Pork larb, Family Thai

While Indian and Thai restaurants offer a rainbow of curries, in Buffalo restaurants at least, there is one kind of Burmese curry. Long-cooked onion, ginger, garlic, and gentle curry makes a semisweet mahogany sauce that’s a threat to no one.

Family Thai offers Burmese curry with pork, chicken, fish ($9.99) and beef ($11.99), each cooked to tenderness, and served with rice. 

Egg curry, Family Thai

The egg curry ($11.99) is my favorite, for the way it transforms the humble staple into a sublime dish. Hardboiled eggs are peeled and then deep-fried, giving them a golden-brown surface. Simmered in the depths of Burmese curry, the eggs cut like meatballs, elevated from breakfast fare to dinnertime satisfaction.

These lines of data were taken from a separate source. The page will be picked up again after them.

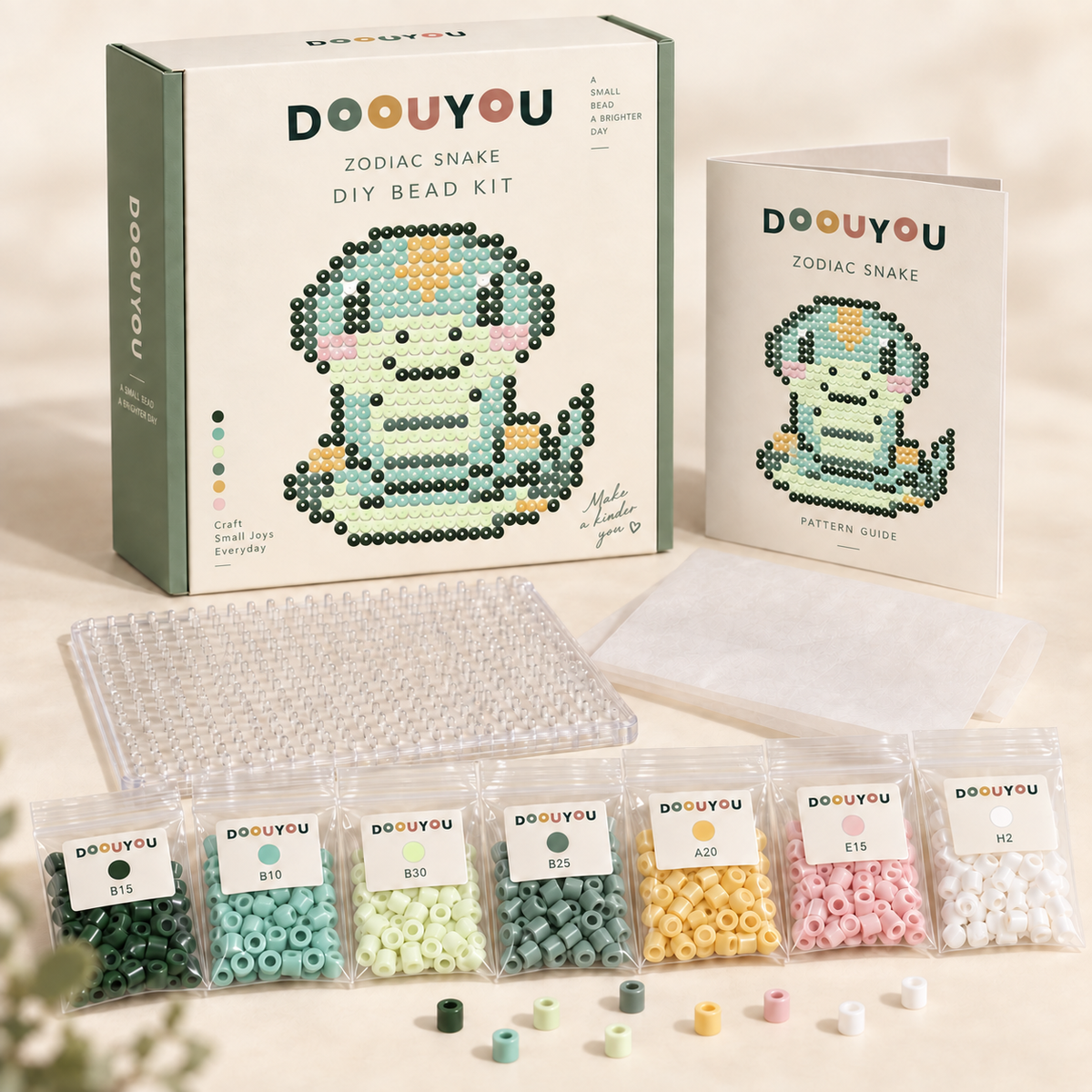 DOOUYOU Zodiac Snake DIY kit concept: packaging, color-sorted beads, pegboard, tweezers, ironing paper and chart; digital illustration, not a product photo.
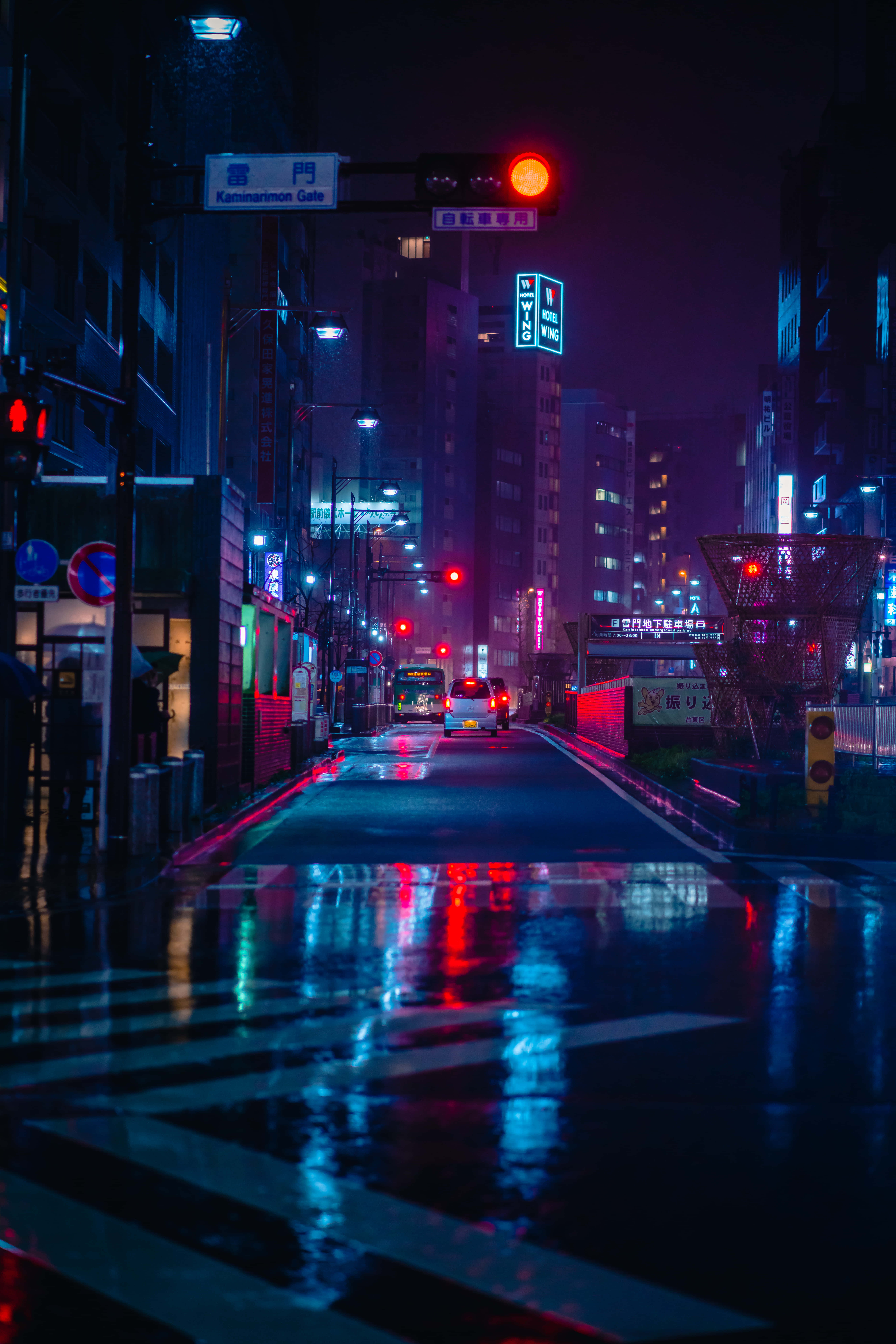 桌布 壁紙 — 雨濕的東京霓虹燈街道在夜晚反射出交通號誌和招牌的鮮豔紅藍燈光。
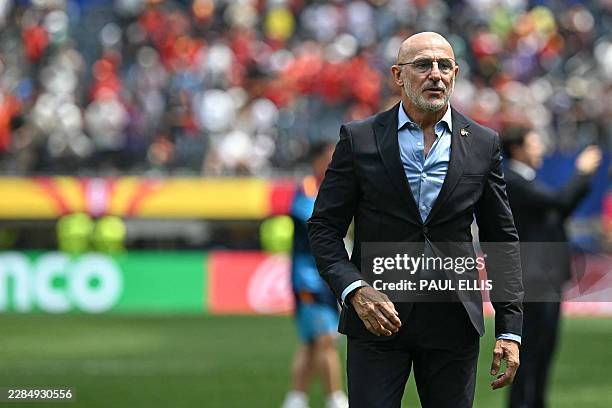Spain's head coach Luis de la Fuente celebrates after winning the 2026 World Cup football tournament quarter-final match between Spain and Belgium at...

Tired of quick-service places treating you like a number? For the same kind of money, you could enjoy the benefit of Family Thais.

Family Thai’s South Buffalo location, 150 Babcock St.

Family Thai

South Buffalo: 150 Babcock St., familythai-restaurant.com, 716-322-1102

Hours: 10 a.m.-9 p.m. Friday-Wednesday. Closed Thursday.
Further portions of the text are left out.